TASK DETAILS.
Reproduce every entry below precisely; do not include the pictures.

RECORDS SUPPLIED.
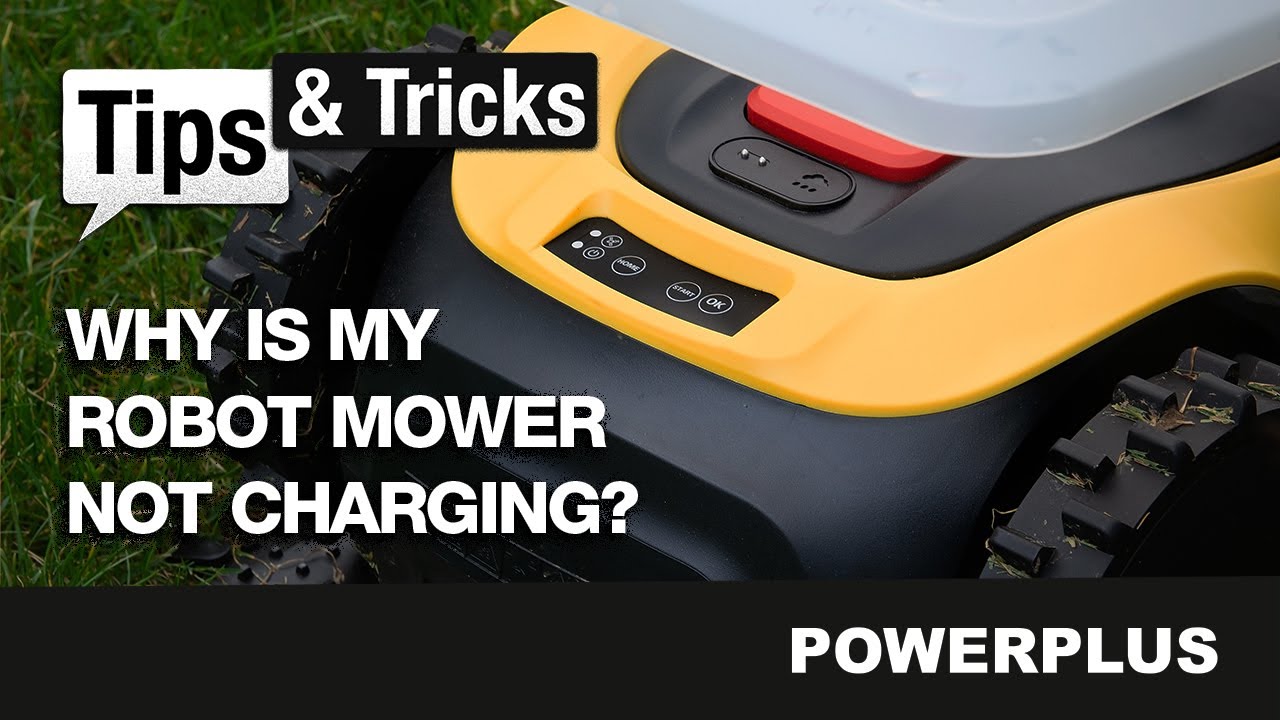 TIPS&TRICKS Why is my robot mower not charging? Robot Maniak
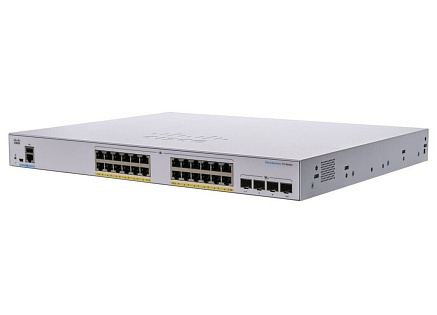 Cisco switch CBS350-24NGP-4X-EU (16xGbE,8x5GbE,2x10GbE/SFP+ combo,2xSFP+,48xPoE+,8xPoE++,375W) - REFRESH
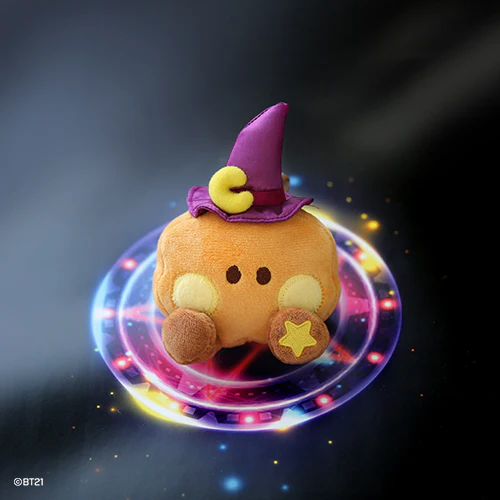 BT21 MININI PLUSH KEYRING [ MAGICIAN ] - Image 4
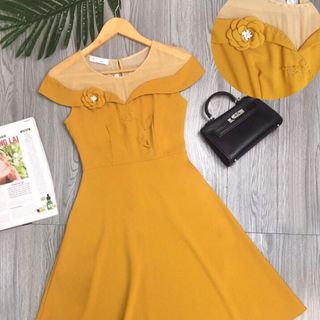 Váy xoè công sở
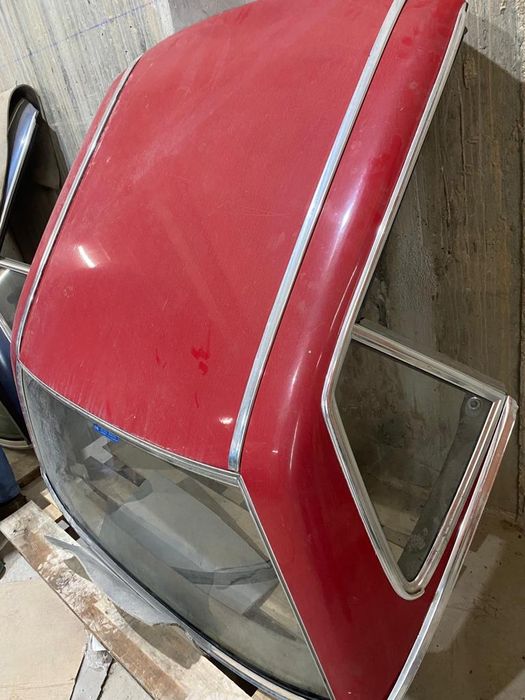 Hardtop Mercedes Sl r107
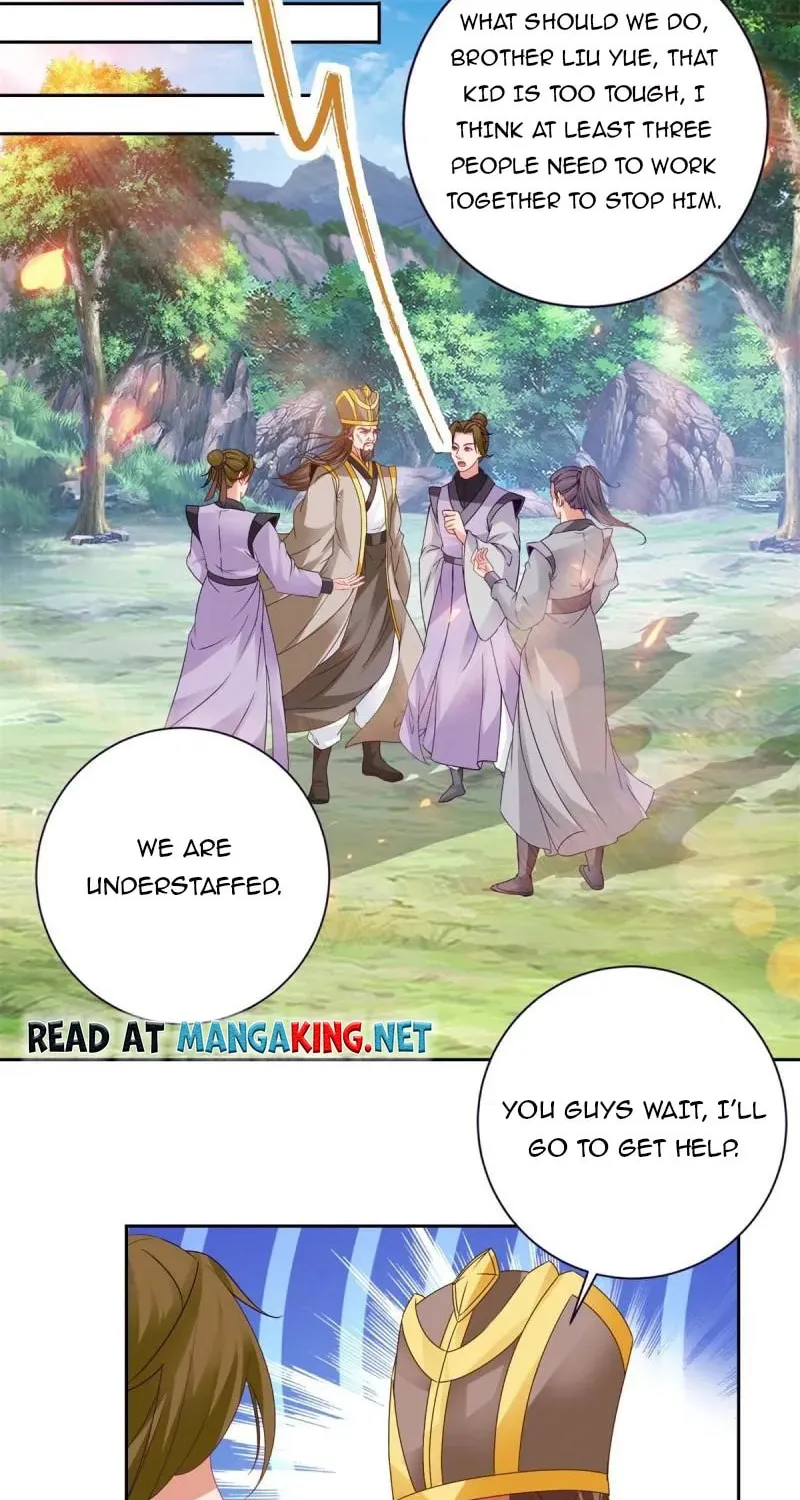 Divine Spirit Martial Emperor (Colored) Chapter 278 page 27 - 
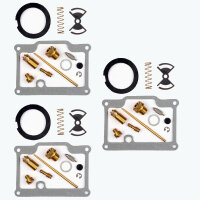 3x Kit de r&eacute;paration de carburateur complet pour...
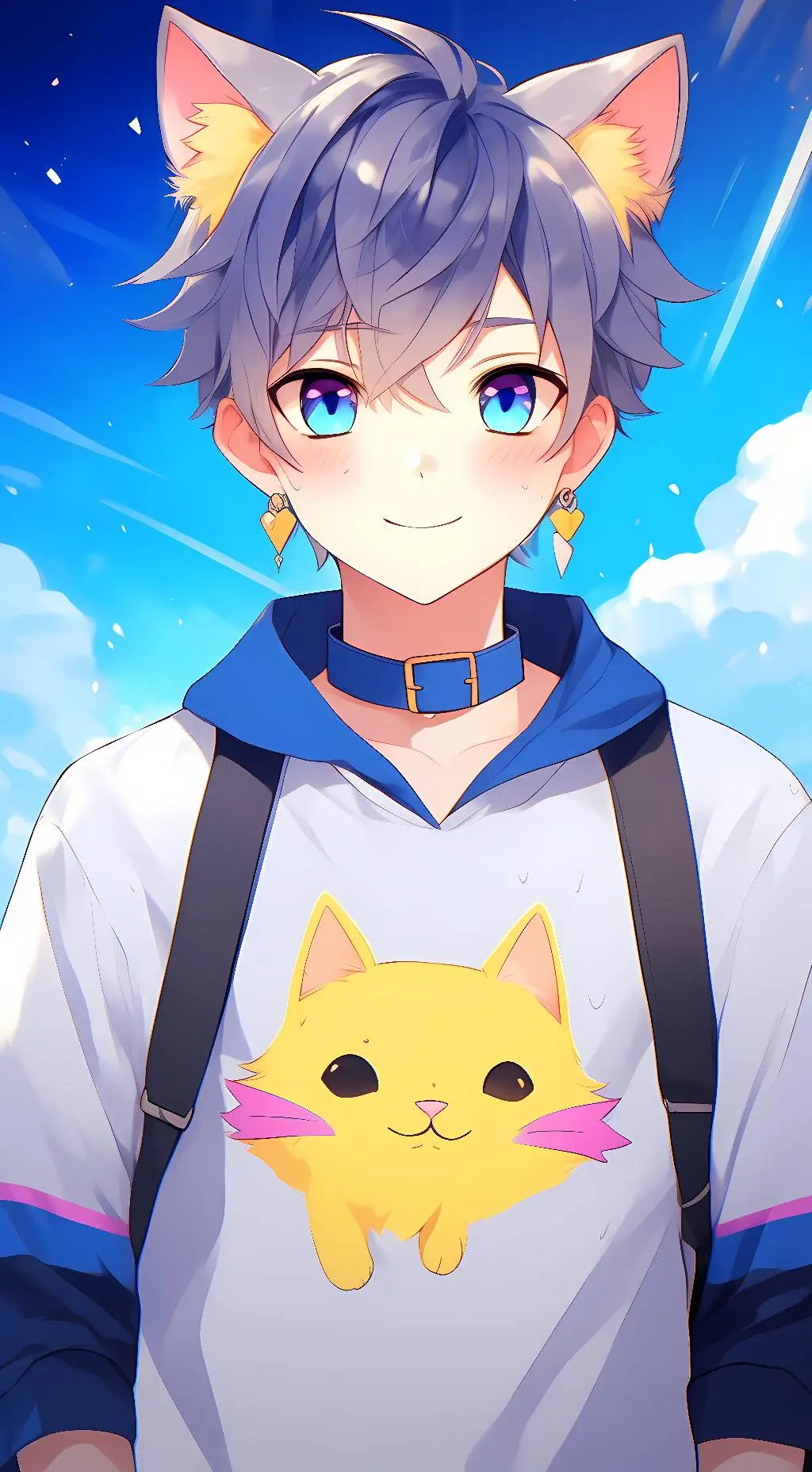 ai character: Kai background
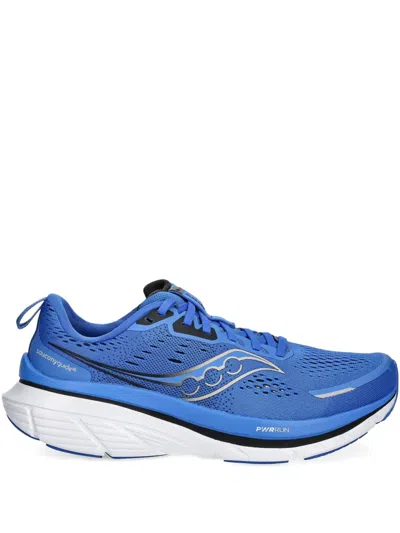 Saucony Guide 18 Mesh Running Sneakers In Blue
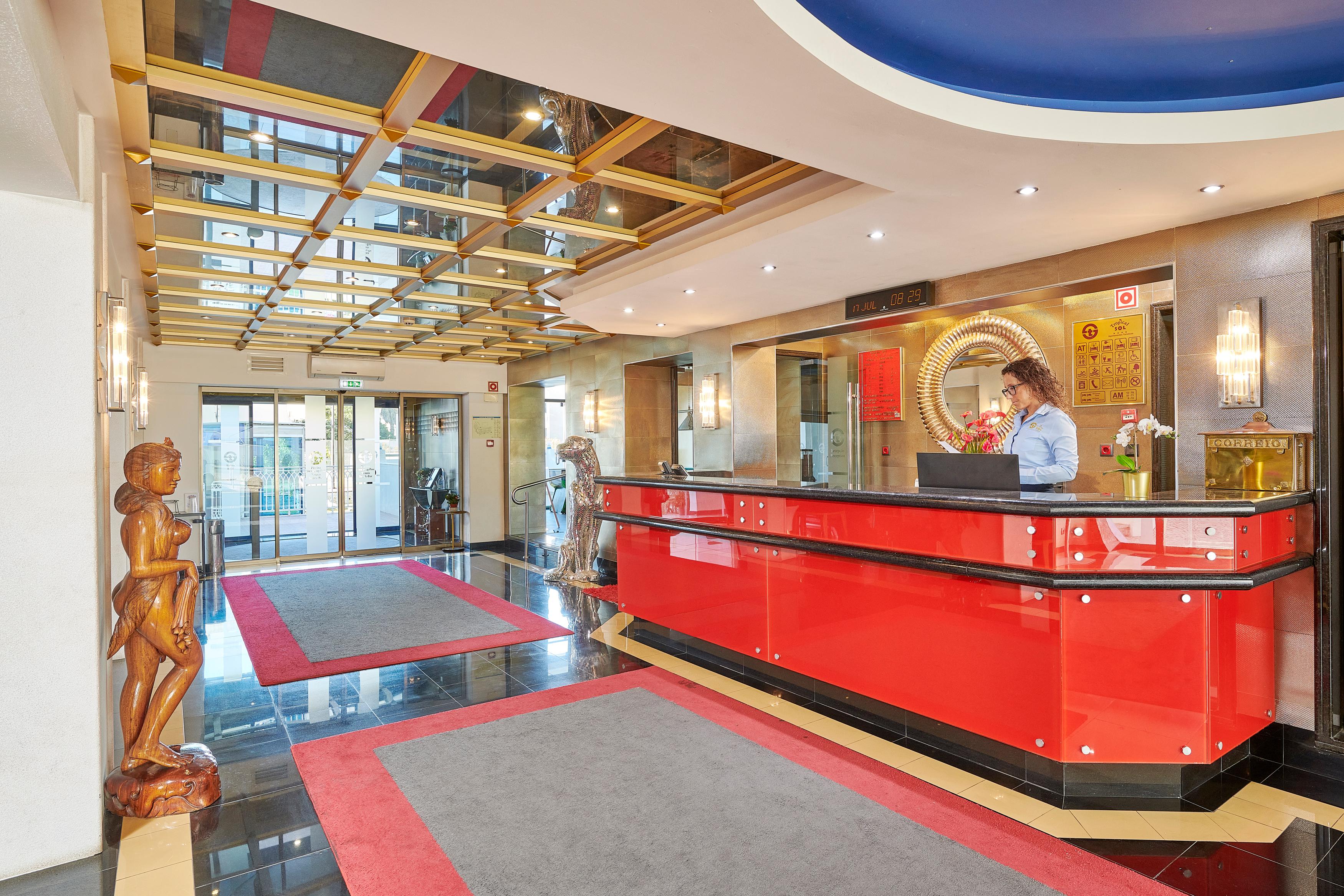 lobby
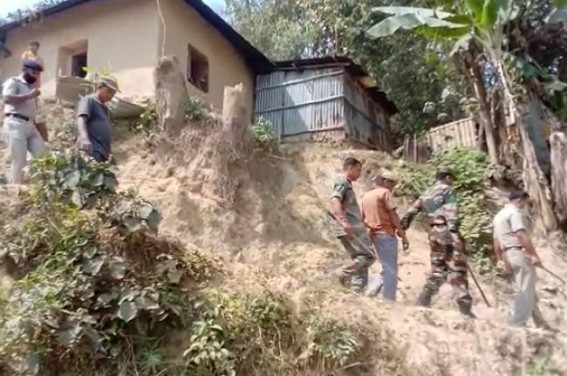 3 Wanted Criminals in Robbery Cases were arrested at Kailashahar 3 Wanted Criminals in Robbery Cases were arrested at Kailashahar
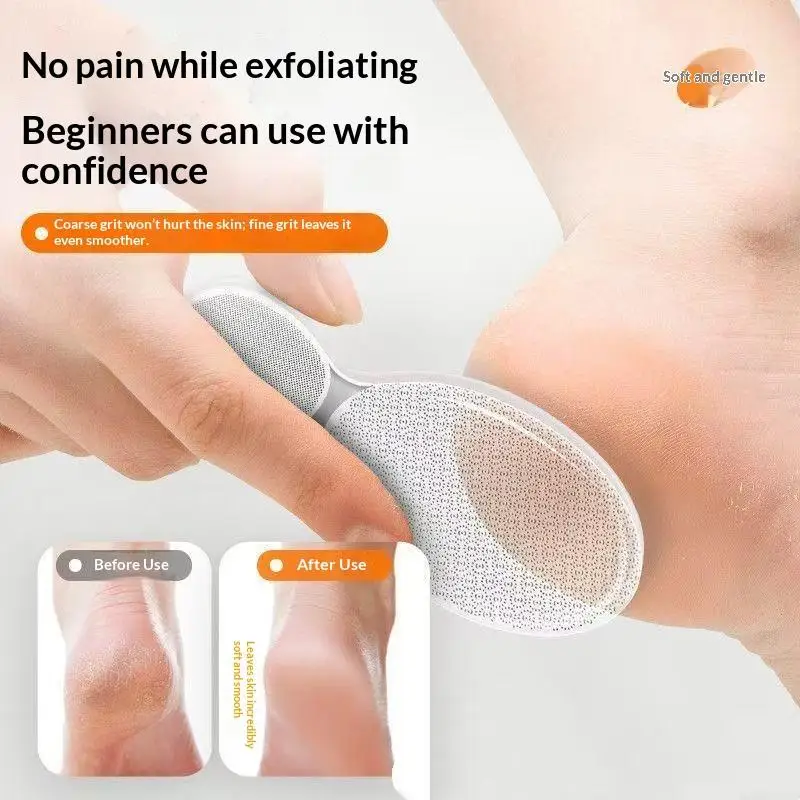 Portable Exfoliate Foot Rasp Heel File Hard Dead Skin Callus Remover Exfoliating Pedicure Care Foot File Tools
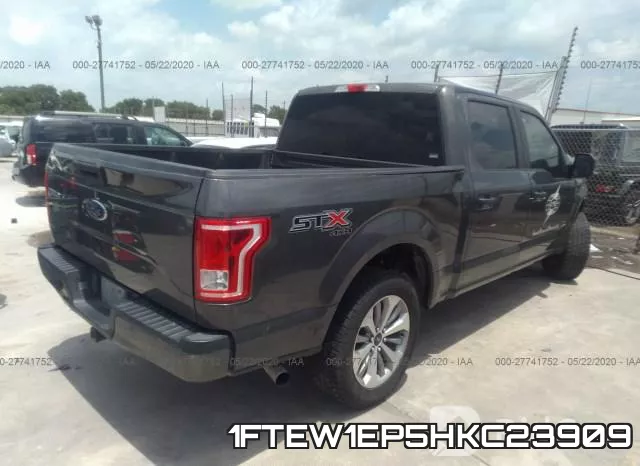 1FTEW1EP5HKC23909 фото 5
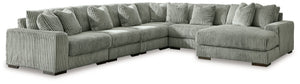 Lindyn Sectional with Chaise - 46 Furniture and Mattress Gallery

TASK OUTPUT.
 TIPS&TRICKS Why is my robot mower not charging? Robot Maniak
 Cisco switch CBS350-24NGP-4X-EU (16xGbE,8x5GbE,2x10GbE/SFP+ combo,2xSFP+,48xPoE+,8xPoE++,375W) - REFRESH
 BT21 MININI PLUSH KEYRING [ MAGICIAN ] - Image 4
 Váy xoè công sở
 Hardtop Mercedes Sl r107
 Divine Spirit Martial Emperor (Colored) Chapter 278 page 27 - 
 3x Kit de r&eacute;paration de carburateur complet pour...
 ai character: Kai background
 Saucony Guide 18 Mesh Running Sneakers In Blue
 lobby
 3 Wanted Criminals in Robbery Cases were arrested at Kailashahar 3 Wanted Criminals in Robbery Cases were arrested at Kailashahar
 Portable Exfoliate Foot Rasp Heel File Hard Dead Skin Callus Remover Exfoliating Pedicure Care Foot File Tools
 1FTEW1EP5HKC23909 фото 5
 Lindyn Sectional with Chaise - 46 Furniture and Mattress Gallery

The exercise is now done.